Nova lei de Lula mira facções e aumenta penas no Brasil

O presidente Luiz Inácio Lula da Silva sancionou, nesta terça-feira (24), a chamada Lei Antifacção, que cria um novo marco legal para o combate ao crime organizado no Brasil. A cerimônia ocorreu no Palácio do Planalto.
Durante o evento, Lula afirmou que o país está disposto a enfrentar o crime organizado de forma rigorosa, com foco também nos chamados “financiadores de alto nível”. Segundo o presidente, o objetivo é atingir os responsáveis que atuam nos bastidores das organizações criminosas.
Penas mais duras e foco nas lideranças
A nova lei prevê punições mais severas para integrantes de facções criminosas, especialmente suas lideranças, com penas que podem chegar a até 40 anos de prisão. O texto também estabelece mecanismos para enfraquecer financeiramente e logisticamente essas organizações.

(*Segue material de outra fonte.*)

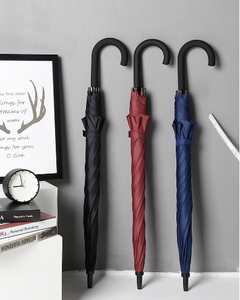 Parapluie de golf pleine fibre à long manche Parapluie publicitaire de logo de poteau droit automatique extérieur - Product Image 2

A norma define como facção criminosa qualquer grupo de três ou mais pessoas que utilize violência, ameaça ou coação para controlar territórios, intimidar a população ou atacar instituições e serviços essenciais.
Entre as medidas, estão:
- restrição a benefícios como anistia, indulto e liberdade condicional;
- progressão de pena mais rígida, podendo exigir até 85% do cumprimento em regime fechado;
- transferência de líderes para presídios federais de segurança máxima;
- suspensão de auxílio-reclusão para dependentes em determinadas situações.
Apoio político e institucional
O presidente da Câmara dos Deputados do Brasil, Hugo Motta, destacou que a aprovação da lei representa uma resposta firme do Estado ao avanço das facções criminosas.
Já a ministra Gleisi Hoffmann, da Secretaria de Relações Institucionais, afirmou que a norma também mira estruturas financeiras que sustentam o crime organizado.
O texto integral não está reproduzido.